Click Create to save the job.
Configuration
The config file is HOCON. It declares the source, the destination table, and the streaming trigger interval.
Source File
| Field | Description |
|---|---|
format | File format to read: csv or json (still used when source.queue is set, to tell the job how to parse the notified files). See Amazon S3 with SQS. |
header | Whether the CSV files include a header row (ignored when source.queue is set). |
path | Source directory path, including the filesystem scheme, for example s3a://bucket/path_to_csv_files/ (ignored when source.queue is set). |
max_files_per_trigger | Maximum number of new files to process per streaming trigger. |
latest_first | Whether to process the latest files first when there is a backlog (ignored when source.queue is set). |
max_file_age | Maximum age of files the stream considers, for example 7d. |
filename_only | Optional. Detect new files by filename only instead of full path. Only enable this if filenames are unique across the entire source; otherwise files with the same name in different folders are treated as duplicates and skipped. |
Destination
| Field | Description |
|---|---|
schema | Destination schema (database). |
table | Destination table. |
partitions | Optional. Destination partition columns. |
Processing Time
| Field | Description |
|---|---|
interval | Streaming trigger interval. |
unit | Trigger interval unit: seconds or minutes. |
Schema
CSV can infer its schema from the file (set spark.sql.streaming.schemaInference: true in Spark config) or use an explicit schema. JSON and s3-sqs sources always require an explicit schema; the job fails at startup with Schema must be defined. if one isn't provided.

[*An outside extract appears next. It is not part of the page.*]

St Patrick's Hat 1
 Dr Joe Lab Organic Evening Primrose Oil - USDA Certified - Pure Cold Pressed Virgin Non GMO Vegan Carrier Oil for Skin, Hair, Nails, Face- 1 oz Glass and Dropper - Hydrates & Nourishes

Add schema under source to define one explicitly:
source: {
schema: [
{ name: channel, type: string },
{ name: context, type: struct, properties: [
{ name: library, type: struct, properties: [
{ name: name, type: string },
{ name: version, type: string }
]}
]},
{ name: received_at, type: timestamp }
]
file: { ... }
}
Supported type values:
stringint(orbigint/integer)doublebooleandatetimestamp(ordate-time/time)array(orlist)struct, for nested fields, with its ownproperties
Amazon S3 with SQS
Listing a source directory on every trigger gets expensive as a bucket grows. If an SQS queue is subscribed to S3 object-created notifications for the bucket, point the job at the queue instead of the directory.
Add queue under source. When queue is present, it takes over as the read path: the job still uses source.file.format to know how to parse the notified files, but source.file.path, header, and latest_first go unused.
source: {
queue: {
URL: "https://sqs.eu-central-1.amazonaws.com/{account_number}/{queue_name}"
fetch_interval_seconds: 2
log_polling_wait_time_seconds: 5
}
schema: [
{ name: id, type: string }
]
file: { ... }
}
source.file is still required even when queue is set; the job reads it unconditionally at startup. Set format to match your files (csv or json); path, header, and latest_first are ignored in this mode but the keys must still be present.
| Field | Description |
|---|---|
URL | SQS queue URL. The job parses the AWS region from this URL. |
fetch_interval_seconds | How often to poll the queue for new file notifications. |
log_polling_wait_time_seconds | Long-polling wait time for each SQS receive call. |
schema is required when using the s3-sqs source. See Schema.
Running the Job
Once deployed, the job runs continuously; there's no schedule to trigger. It reads new files as they arrive (or new SQS notifications, if configured) and appends them to the destination table on the configured processing_time interval.